Thank You, Abba. Thank You.

Friday, July 6

(:

i might be crazy to not be sleeping at this hour.
but i'm waiting for my hair to dry, again.

i'm so sleeeeepy.

but, i thought i'll do a quick one here. (:


thank God (: my colleague and i managed to finish collating most of what we need to send off next monday for another submission. this is truly a blessing in itself, as we're usually working till the wee hours the night before submission. i guess not wanting to be back at the office over the weekend serves as tremendous incentive to quickly be done with it.

and thank God most of it is.


besides this, two other blog-worthy incidents.

* while making copies of the proofs just now (yes, its the head-to-head, head-to-toe thing. but we nailed it this time. we got smarter. *grin*), we mysteriously misplaced the first five sheets of a proof. i checked all plausible places, and it has still not turned up. its very baffling! but i'm not panicking. (:

* the irony of my dinner. i'd suggested ordering macs in for dinner since quite a number of us were staying late. so i got the orders and happily made the call. the food arrived swiftly, to our great delight. that delight soon turned into horror as i realised i'd absent-mindedly left out one colleague's order. it had to be the most difficult decision of the day, but i gave up my chicken foldover. i was disappointed and felt extremely silly, but the greatest part of it was knowing how God was really listening.
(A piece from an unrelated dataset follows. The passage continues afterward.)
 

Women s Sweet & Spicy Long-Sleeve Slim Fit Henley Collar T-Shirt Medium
i don't know what to eat! all so fattening. i'd lamented, while trying to make a decision. my colleague and i then concluded that the foldover was perhaps the 'safest' of the lot, with its vege and supposedly grilled chicken. so i opted for that, and got corn-cup and apple dippers for a dollar each.
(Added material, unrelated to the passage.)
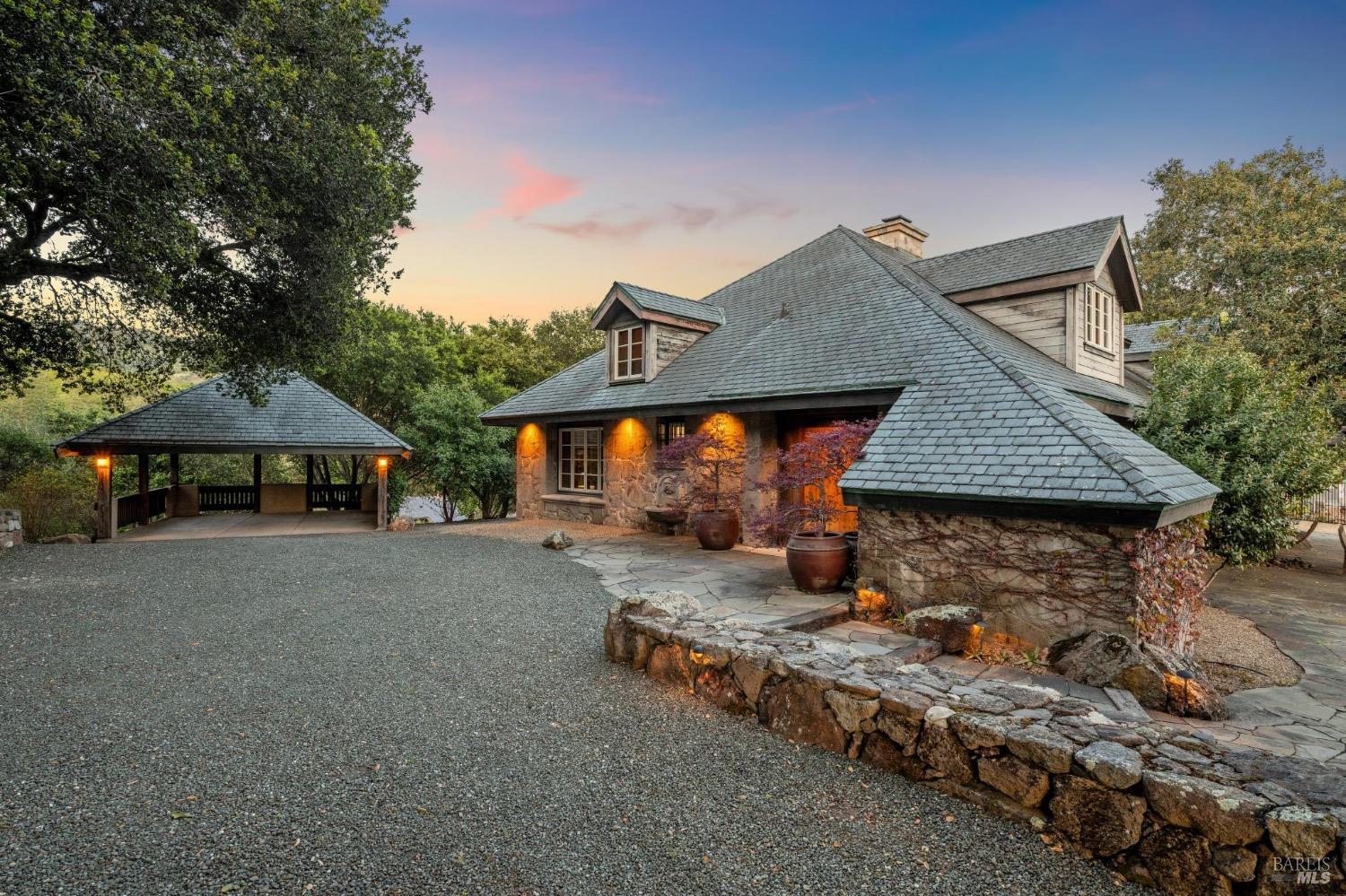 The Stone House at dusk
but as you know, the foldover never reached my lips.

God knows how i really would've felt if i'd taken that foldover. i would have felt like i shouldn't have taken it, considering my ongoing attempt at watching the food that goes in. (please don't say i'm paranoid and that i'm not fat. i see fat in more places than you can. seriously. the cubicle offers little work-out.)


isn't He so witty and so truly close? (:



* she cannot help but laugh.


goodnight world.

Thursday, July 5

i need Thee.

i need Thee every hour
most gracious Lord
no tender voice like Thine
can peace afford

i need Thee
oh i need Thee
every hour i need Thee
oh bless me now my Saviour
i come to Thee


the song in my heart as i end this day.

the day's events have been a sober reminder that i need Him. really. truly.
not just every hour, but every minute, every second, every living breathing moment.
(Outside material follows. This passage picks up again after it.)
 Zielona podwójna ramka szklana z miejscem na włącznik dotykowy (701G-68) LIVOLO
the frustration of unmet expectations, clashes of temperament and working style, big last-minute unwelcome surprises and perhaps, somewhere in the roots, the fear of disappointing, losing, crumbling, failing. all the 'big' things that need to be brought before a way bigger God.

in times of bleahness (for lack of a better, all-encompassing word), there is but one thing to do. to look to Him, place it all before Him and tell Him honestly that 'i can't but i want to'.

i can't carry on.
i can't do this anymore.
i can't see the meaning and purpose.
i can't understand.

but...
i want to do Your will.
i want to obey You.
i want to be the person You call me to be.
i want to be refined through this.


the feelings of happiness or relief do not always pour in immediately after. there are still thoughts and feelings aplenty to contend with. but, somewhere in the process of laying down, and simply desiring the better and just getting going, He does His work of patching, chiselling and restoring.

and He's still patching.
still chiselling.
still restoring.


truly, i need Thee every hour, most gracious Lord.